De allí la importancia disuasora de tener un arma que tenga una alta capacidad destructiva pero no las consecuencias que produciría el uso de armamento atómico. Fue la idea básica para desarrollar la GBU-43/B. Massive Ordnance Air Blast (Explosión aérea de artillería masiva), con un altísimo poder de fuego pero un escalón antes de la bomba que se lanzó sobre Hiroshima en 1945. La sigla en inglés, MOAB, remite y no por casualidad, a Mother of all battles, la madre de todas las batallas, en referencia a una frase de Hussein que hizo historia en los primeros días de la invasión a Irak.
Afganistán, por otro lado, es un escenario adecuado para semejante intervención, ya que la situación permanece estancada desde hace años y crecen las voces dentro de EE UU que reclaman reconocer que la guerra no se pudo ganar. Y una guerra que no se gana, se sabe, es porque se pierde. El antecedente de Vietnam todavía pesa en el orgullo de ese país y quizás Trump pudiera ser el más indicado para reconocer una derrota, como Richard Nixon lo fue en los ’70 para proponer la rendición en el sudeste asiático. De ser así, la MOAB podría ser como el brillo agónico de una supernova. Más aun pesa la certeza de que son varios los imperios que no pudieron conquistar Afganistán a lo largo de la historia. El último que chocó fue la Unión Soviética, que aceleró su inesperado final con la invasión de 1979, que culminó con un fiasco. Y, para sumar otro detalle, los túneles destruidos por la MOAB habían sido construidos durante la ocupación soviética por los talibanes, que entonces tenían apoyo estadounidense.
Por otro lado, la coincidencia de estos acontecimientos tanto en Siria como en Afganistán y el encuentro de Trump con el presidente chino Xi Jinping y el de su canciller con Putin debería entenderse como la concreción de una entente para el reparto del poder mundial. Una suerte de Conferencia de Yalta en pequeña escala.
A nadie escapa que los ataques de los últimos días fueron anunciados previamente a ambos líderes, que reaccionaron con una mesura incomprensible si el contexto fuera de escalada bélica. Y que en ambos casos, Washington se involucra en el combate al Estado Islámico y el extremismo islámico, un objetivo común con Moscú y también con Beijing, que en la provincia de Xinjiang enfrenta la resistencia de la población uigur, de fe musulmana. «
Terrorismo de exportación
La persecución al Estado Islámico tanto en Siria como en Irak y Afganistán deja como consecuencia, según analistas, la extensión del terrorismo hacia Europa. De acuerdo con esta caracterización del conflicto, si los yihadistas, que pretendían crear un Estado en los territorios que llegaron a ocupar, son perseguidos, darán golpes en otros lugares para demostrar una posición de fuerza que los hechos no parecen corroborar.

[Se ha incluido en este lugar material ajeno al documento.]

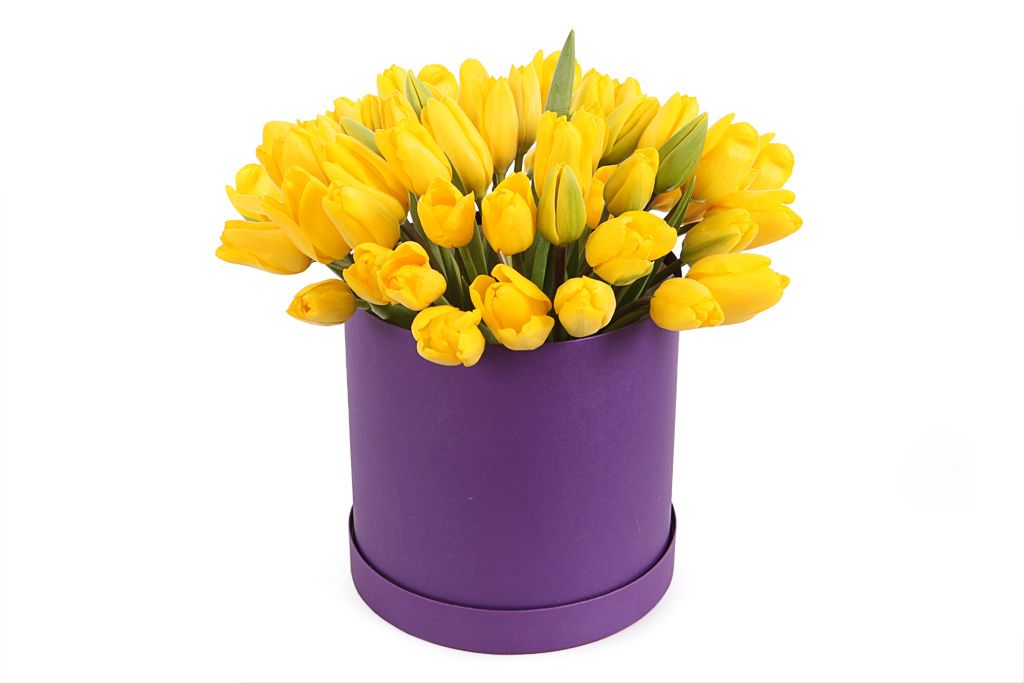 Букет 51 тюльпан в коробке, желтые от СоюзЦветТорг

Así se interpreta el atentado con un camión que arremetió contra los transeúntes en Estocolmo la semana pasada. El presunto autor del ataque, Rajmat Akilov, de origen uzbeco, habría sido reclutado por EI en Suecia, donde había emigrado y trabajaba en la construcción.

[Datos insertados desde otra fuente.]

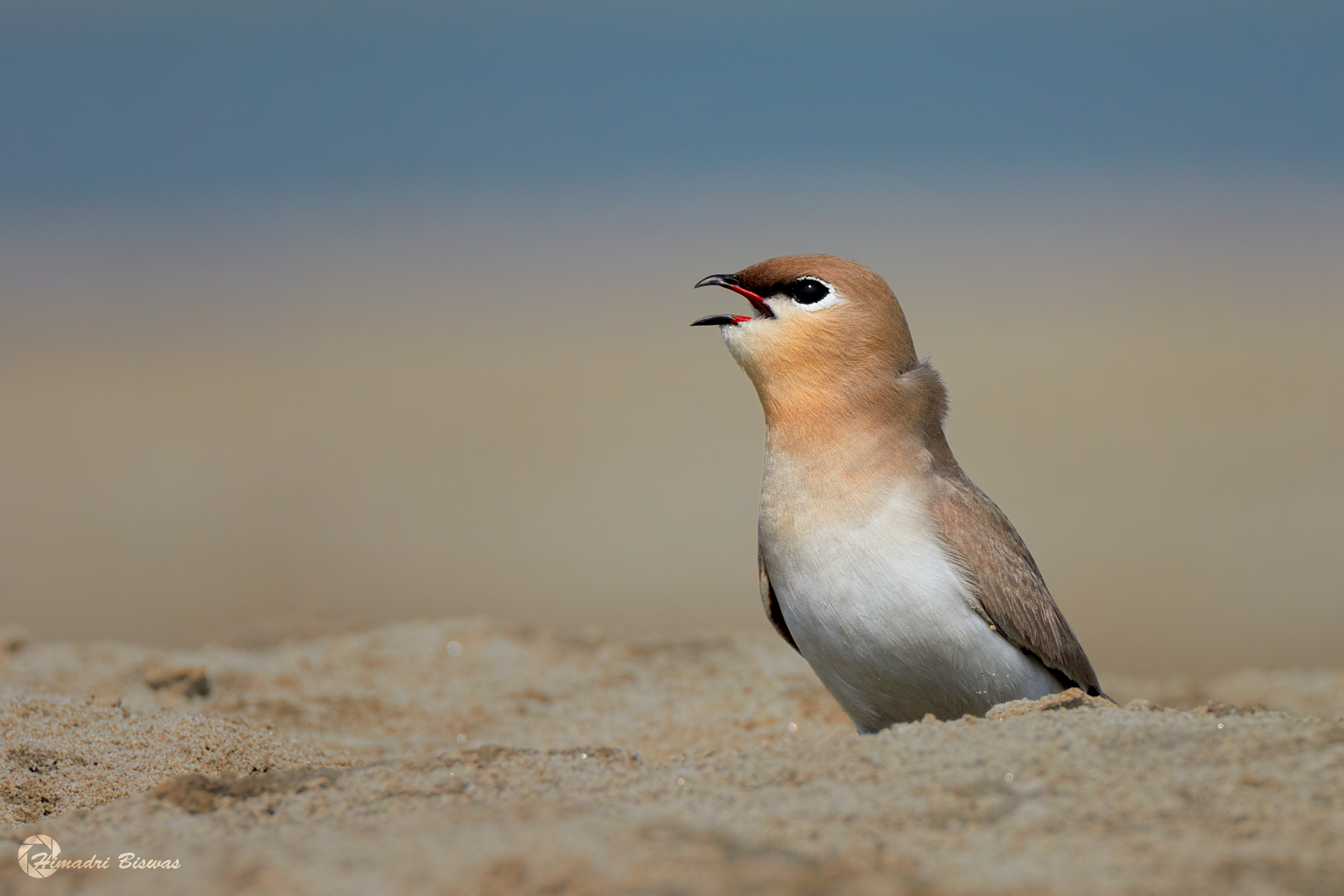 Small pratincole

El domingo pasado, dos ataques reivindicados por EI en iglesias coptas de Alejandría y Tanta dejaron un saldo de unas 45 personas muertas. Los atentados se produjeron a tres semanas de la primera visita del papa Francisco a Egipto que, de no mediar cambios, será el 28 y 29 próximos.

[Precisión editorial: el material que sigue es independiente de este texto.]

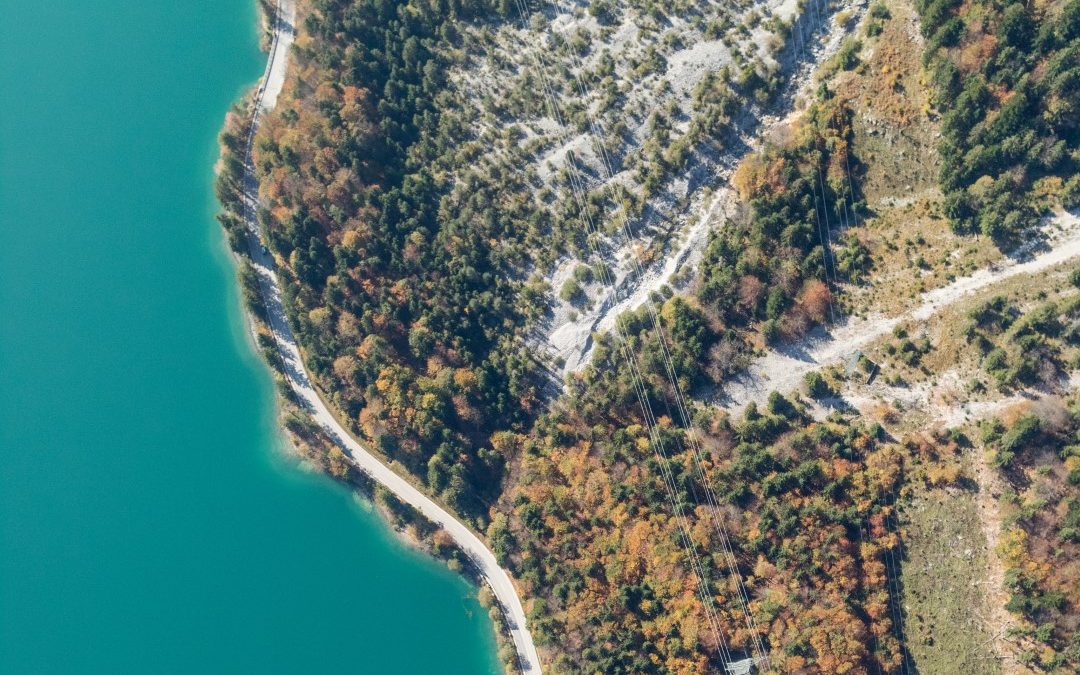 Aerial Photogrammetric Mapping of Alpine Forests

Este retroceso del EI, que en muy poco tiempo llegó a ocupar el 20% del territorio sirio y el 47% de Irak, se da luego de que Washington comenzó a retraerse en la región en el marco de las presidenciales de 2016. Eso podría contarse como prueba del apoyo a esos grupos extremos con tal de derrocar a Bashar al Assad. Según el expremier iraquí Nuri al Maliki, el EI también tenía detrás a Arabia Saudita, Catar, Kuwait y los Emiratos Árabes Unidos.